SELASA, 30 JUNI 2020 | 19:40 WIB | LAPORAN: JAMALUDIN AKMAL

Belakangan ini masyarakat Indonesia digemparkan dengan aksi penolakan terhadap Rancangan Undang Undang (RUU) Haluan Ideologi Pancasila (HIP) yang sempat dibahas di DPR RI.

Penolakan RUU HIP itu bukan hanya datang dari umat Islam yang menyatakan menolak karena dinilai berbau membangkitkan komunisme di Indonesia. Sejumlah tokoh masyarakat Tionghoa juga turut bersuara dan menolak dilanjutkannya pembahasan RUU tersebut.

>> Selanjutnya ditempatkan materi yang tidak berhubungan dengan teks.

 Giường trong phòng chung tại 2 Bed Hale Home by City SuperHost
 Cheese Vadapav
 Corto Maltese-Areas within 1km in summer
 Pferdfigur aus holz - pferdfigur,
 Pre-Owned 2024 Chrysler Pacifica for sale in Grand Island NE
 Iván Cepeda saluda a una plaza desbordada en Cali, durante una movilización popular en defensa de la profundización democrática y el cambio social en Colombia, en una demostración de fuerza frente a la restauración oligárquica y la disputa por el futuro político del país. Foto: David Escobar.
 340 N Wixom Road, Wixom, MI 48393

"Usulan RUU HIP itu sangat kontra produktif dan sesungguhnya sangat tidak penting untuk dibahas," ucap Koordinator Komunitas Tionghoa Anti Korupsi (KomTak), Lieus Sungkharisma dalam keterangan rilisnya kepada Kantor Berita Politik RMOL, Selasa (30/6).

Menurut Lieus, terdapat tiga hal krusial yang ditengarai berpotensi mendegradasi Pancasila sebagai ideologi bangsa dalam RUU HIP tersebut.

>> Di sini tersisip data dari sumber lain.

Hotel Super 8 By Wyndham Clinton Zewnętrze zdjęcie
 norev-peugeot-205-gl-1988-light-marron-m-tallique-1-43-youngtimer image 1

Pertama, tentang adanya klausul Pancasila yang diperas menjadi Trisila dan Ekasila (Gotongroyong). Kedua, adanya Pasal 7 Ayat 2 yang menyebut "Ketuhanan yang Berkebudayaan" Yang dinilai akan menggantikan Sila Pertama Pancasila yakni Ketuhanan Yang Maha Esa.

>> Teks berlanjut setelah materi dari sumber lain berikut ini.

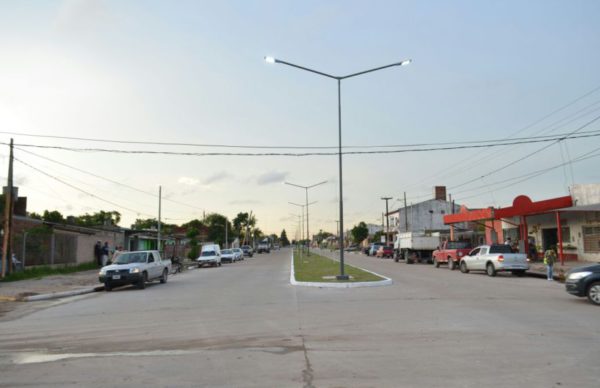 Capitanich inauguró las 16 cuadras de pavimento de la Edison 2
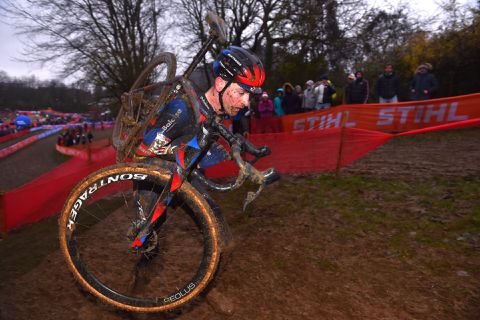 Veldrijder Toon Aerts hangt een schorsing van 2 jaar boven het hoofd na dopingcontrole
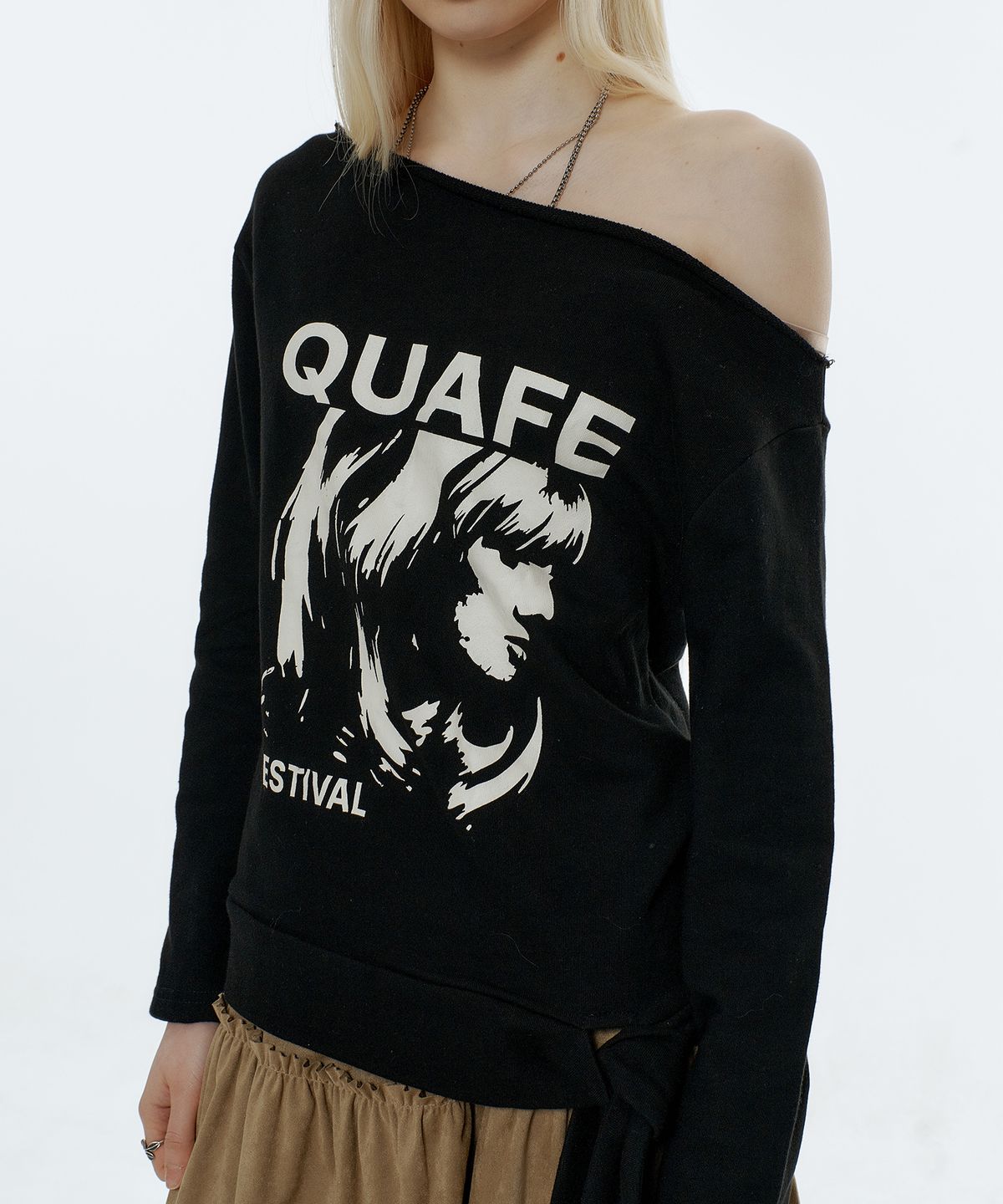 꾸아페(QUAFE) OFF-SHOULDER PRINTED TIE T-SHIRT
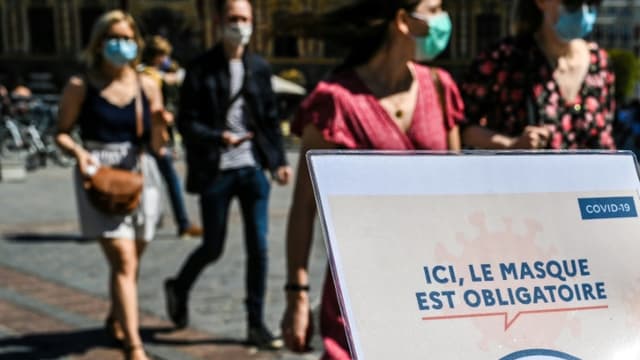 Une affiche indiquant que le masque est obligatoire dans une rue de Lille, le 30 juillet 2020 dans le nord de la France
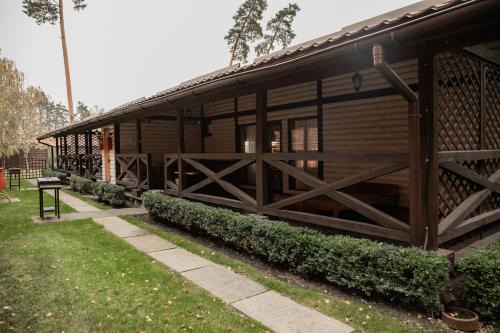 Pirnove Hotel | Veselyj Zajets: Oceanfront Retreat with Pool and Breakfast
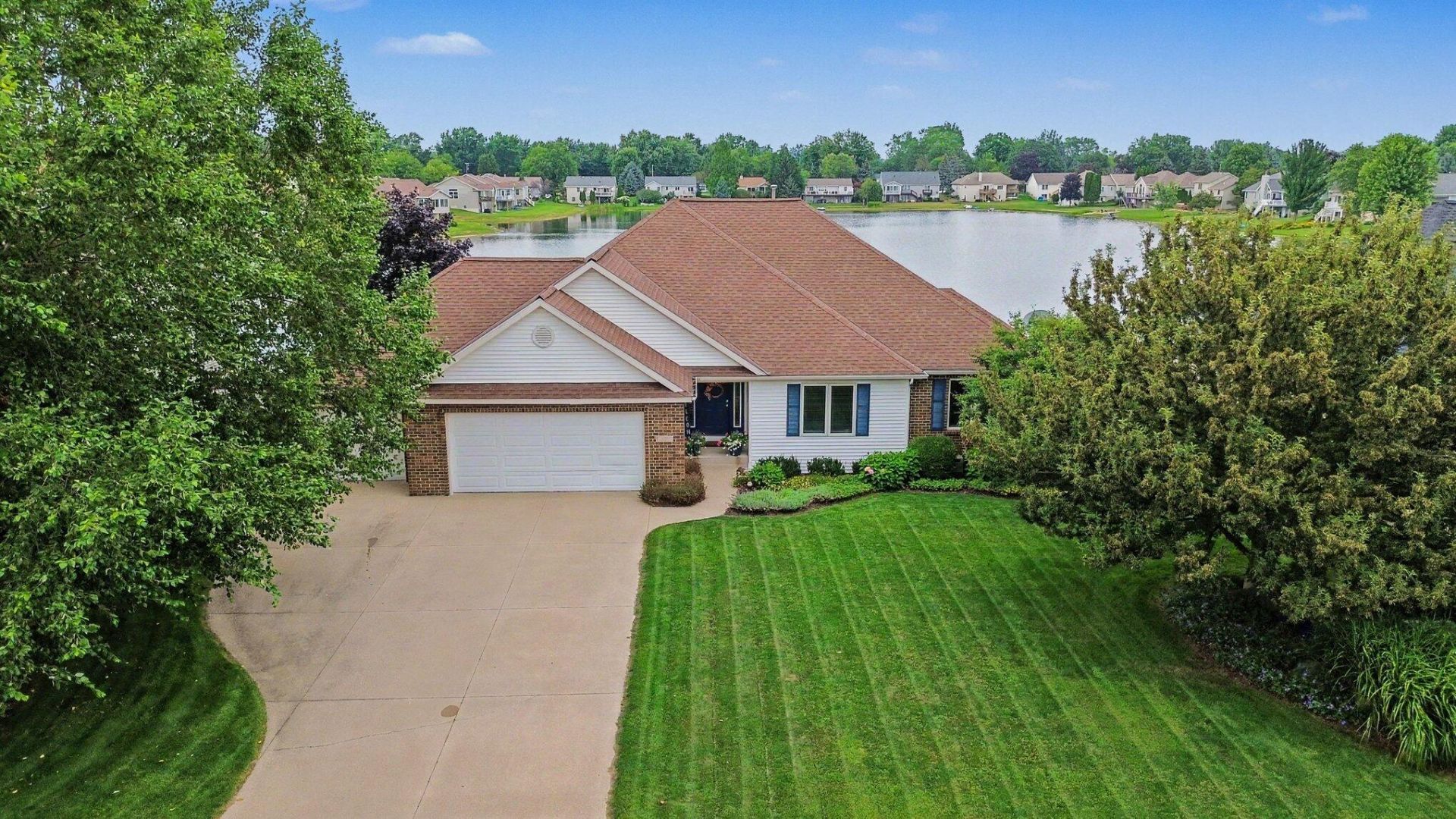 10633 Bridgewater Drive, Zeeland, MI 49464 Main Photo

Ketiga, dalam draf RUU HIP tersebut juga tidak dicantumkannya TAP MPRS XXV/1966 tentang Pembubaran Partai Komunis Indonesia (PKI) sebagai organisasi terlarang di seluruh wilayah negara Republik Indonesia, serta larangan terhadap setiap kegiatan untuk menyebarkan atau mengembangkan faham atau ajaran Komunis/Masxisme-Leninisme.

"Menurut saya munculnya RUU HIP ini cenderung mengingkari kesepakatan yang sudah diputuskan oleh para pendiri bangsa selama berlangsungnya sidang-sidang BPUPKI pada tahun 1945," kata Lieus.

Sehingga hal tersebut membuat tokoh Tionghoa turut bersuara. Apalagi, dalam sidang BPUPKI 1945 terdapat para tokoh bangsa diantaranya adalah lima tokoh dari Tionghoa.

Diantaranya, Yap Tjwan Bing, Mr. Tan Eng Hoa, Oey Tiang Tjoei, Oey Tjong Hauw dan Liem Koen Hian yang sepakat untuk mendirikan negara Indonesia berdasarkan lima prinsip yang diusulkan Bung Karno dengan menyingkirkan berbagai sekat perbedaan yang ada.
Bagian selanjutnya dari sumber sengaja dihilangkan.